Chinese scientists are now optimizing the new battery in preparation for vehicle demos, said Wang, adding that the Chinese Academy of Sciences has partnered with more than 30 battery and electric vehicle companies to introduce the new battery into the market.

At the same time, China has used nanotechnologies to make breakthroughs in the next generation of rechargeable batteries, namely lithium-sulfur and lithium-air batteries, said Li Hong, a researcher at the Chinese Academy of Sciences' Institute of Physics.

"For decades, the United States and Japan have held key patents and technologies on lithium-ion batteries," said Li. "But China can keep up with them or even take the lead in fields related to the next generation of rechargeable batteries."

Compared with lithium-ion batteries, lithium-sulfur batteries use sulfur rather than expensive alloys for electrodes, making them cheaper, lighter and able to store almost double the energy for the same mass. China has created a world-leading lithium-sulfur battery capable of holding 609 Wh/kg, Li said.

The lithium-sulfur battery has been successfully tested in commercial solar powered drones, he added. China has also formed its first lithium-sulfur battery production company, Zhongke Paisi Energy Storage Technology Co, located in Dalian, Liaoning province, and it has recently finished building the world's largest production line for the new battery.

The lithium-air battery takes innovation further by using oxygen from the air for electrodes. It has all the benefits of lithium-sulfur batteries plus being even more environmentally friendly. Chinese scientists have produced a lithium-air battery that can store 780 Wh/kg, Li said.

Although the technology is relatively new and still needs more testing, "it will significantly increase China's technological and engineering prowess in the global race for smaller, longer-lasting, more powerful batteries," Li said.

New nanomaterials also helped China develop a new printing method that is both cost-efficient and does not produce corrosive or poisonous waste, said Song Yanlin, a researcher from the Institute of Chemistry from the academy.

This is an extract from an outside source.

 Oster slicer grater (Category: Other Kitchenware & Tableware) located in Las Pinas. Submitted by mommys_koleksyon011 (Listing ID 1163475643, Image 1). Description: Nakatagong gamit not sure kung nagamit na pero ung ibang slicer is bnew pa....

The new technology will help transform China's industrial printing industries, whose turnover was $180 billion in 2016, to be completely environmentally friendly, he said. It will also reduce the harmful chemicals used to etch prints on electronics.

Nanomaterials can also be used to create portable water filtration systems for more than 1,200 nomadic families in North China's Inner Mongolia autonomous region, said Fang Shibi, a researcher at the Institute of Chemistry.

The new nanomaterial used in the water filters can effectively purify the arsenic and fluorine, and the nomads need only change the filters once per year, making clean water cheap and more accessible, he added. (China Daily)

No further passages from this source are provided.